Never, in all my four years, did I receive a rude word, not even a rude glance, from a Jew. I never heard a Jewish man speak roughly to a woman or a child. I never had a Jew lie to me about having a dog, or claim a license when he had none.
In my work I met many Jews, some mere children, who seemed to me marvels of quick, straight thinking. At first this was a source of surprise—persons so humbly placed, having had so few advantages, could think and decide so wisely.
As a rule they met a crisis bravely, and I never knew one to flop over, a spineless, helpless, human jelly-fish. That is the supreme difference between the Jew and the other nationalities met in the tenements. For months that difference was the chiefest of my puzzles—why did the Jew always come up with his wits about him?
During the influenza epidemic I saw the remaining remnant of many families, on learning their condition, lose the power to think or plan for a future—fathers, with a lapful of young children, would become as helpless as the youngest of their brood, an older child left with one or more younger sisters or brothers. Even when they returned to work and were earning the money that supported their dependents, they needed and begged for the counsel and advice of the social worker.
It was never so with a Jew. Being a Jew means knowing how and attending to his own affairs. That is the way I came to look at it. And after months of observation and much thinking I found what I still believe to be the reason for that supreme difference.
The Jew has always thought for himself, acted for himself, depended on himself. So far as I could learn there is no book a Jew is forbidden to read, there is no thought he may not entertain. He has no one on whom to cast his burdens, he can gain absolution for his sins from no source. Whether he wins or loses is up to him, to his own character. He stands face to face with his God.
The Italians—my other favorite tenement-dwellers, for I became sincerely fond of many of them—are a laughter-loving, destructive race. Many of them are far from neat—coming from the slums of their own country and landing in the slums of New York, their standard of living is low.
Seen in their homes, among their family, they are charming. They meet their visitors on that visitor’s ground. However gruff was my reception, once I spoke, explained my visit, my reception was invariably cordial. However dirty and disordered her flat, however many children might be holding her skirts or squirming over the floor, the Italian woman would always insist on my coming in.

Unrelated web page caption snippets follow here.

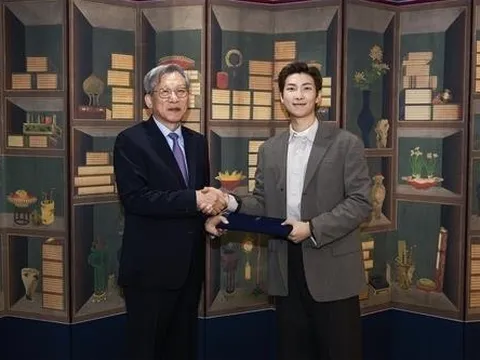 Một thành viên nhóm nhạc BTS được bổ nhiệm làm Đại sứ toàn cầu đầu tiên của Bảo tàng quốc gia Hàn Quốc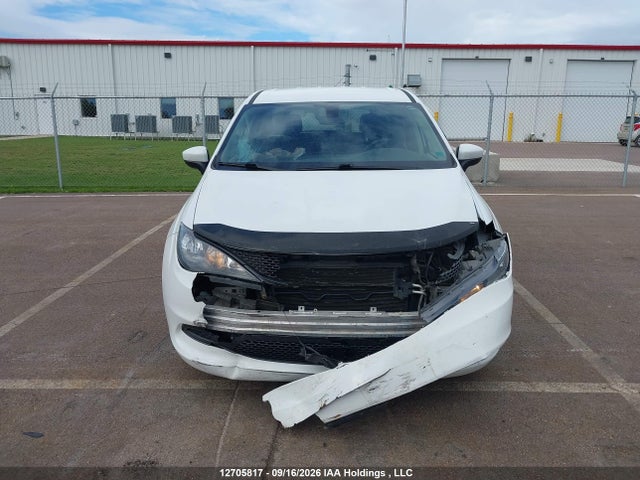 Chrysler Grand Caravan Sxt 2022 2C4RC1ZG5NR133693 Image 6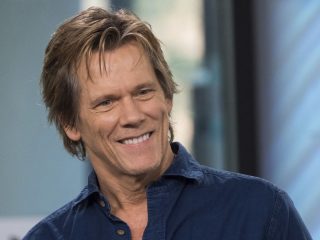 Los Guardianes de la Galaxia secuestran a Kevin Bacon en el tráiler de su especial navideño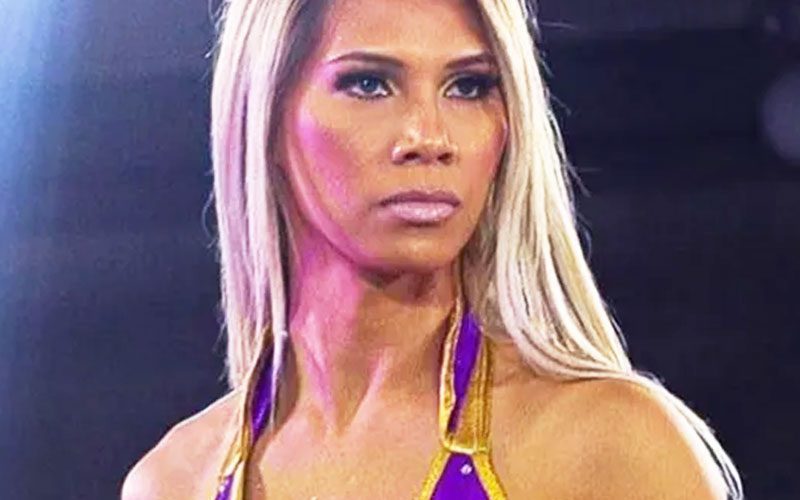 Gisele Shaw reacts to Scott Damore's rebound after victory in the MLP women's title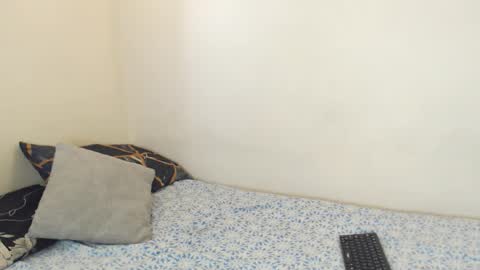 Snapshot of naudiz chatting on November 9, 9:13 pm Eimy online show from November 9, 9:13 pm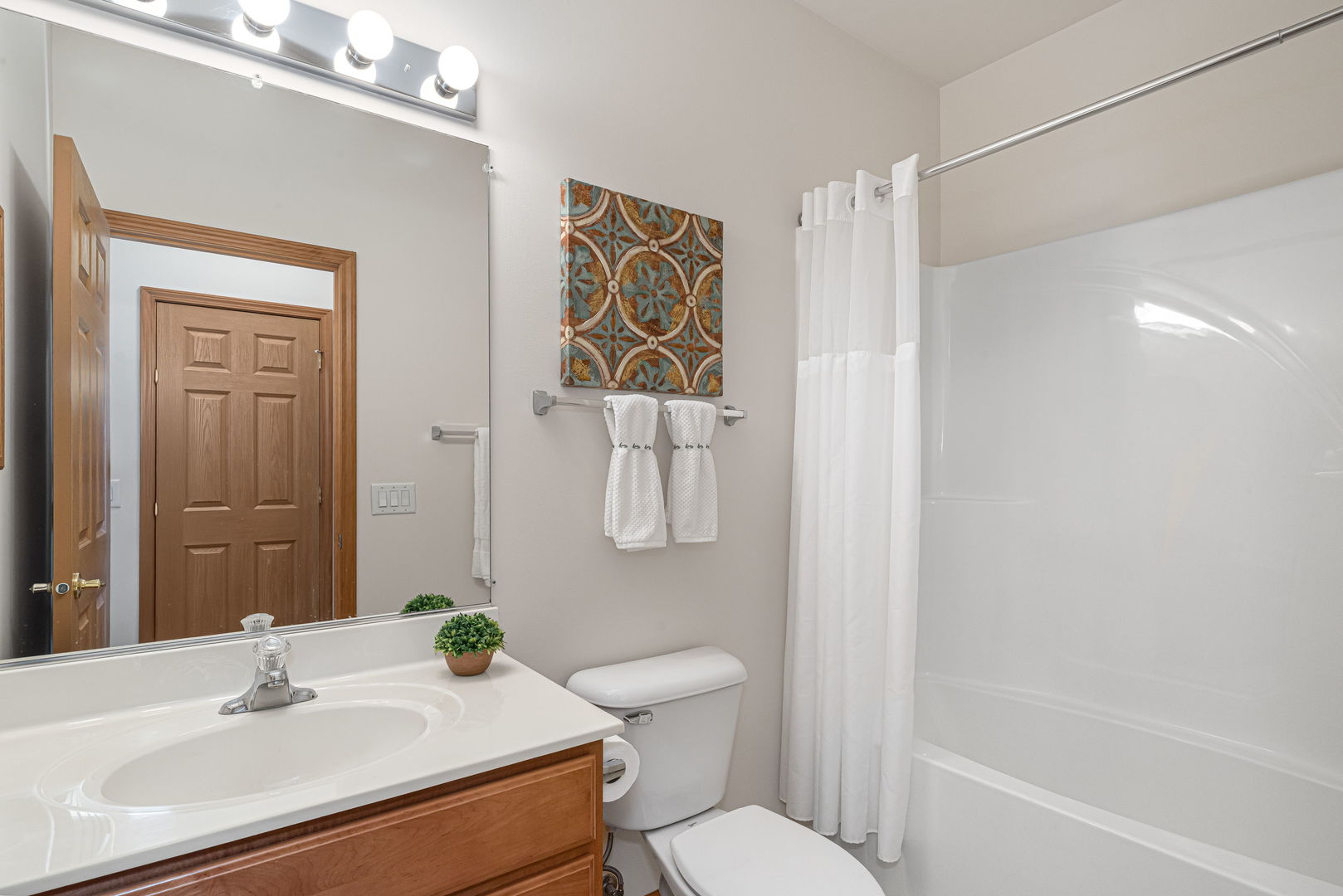 1 Rocking Horse Lane, Grayslake, IL 60030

Even though she could not speak a word of American, she would throw open her door and try, bowing and waving, to induce me to enter. Often I did enter, waiting for some one, a neighbor or a child, to act as interpreter. To prevent time from hanging heavy on my hands she would show me her family album, birth, marriage, or death certificates, or some other such treasures.
Unfortunately, the Italians as met in the tenements have too many mental or physical defects. I cannot recall ever talking with an Italian woman who did not mention some relative in some philanthropic institution. Having always been poor, they struggle out of poverty as they can; but when they do not succeed they accept their condition gracefully.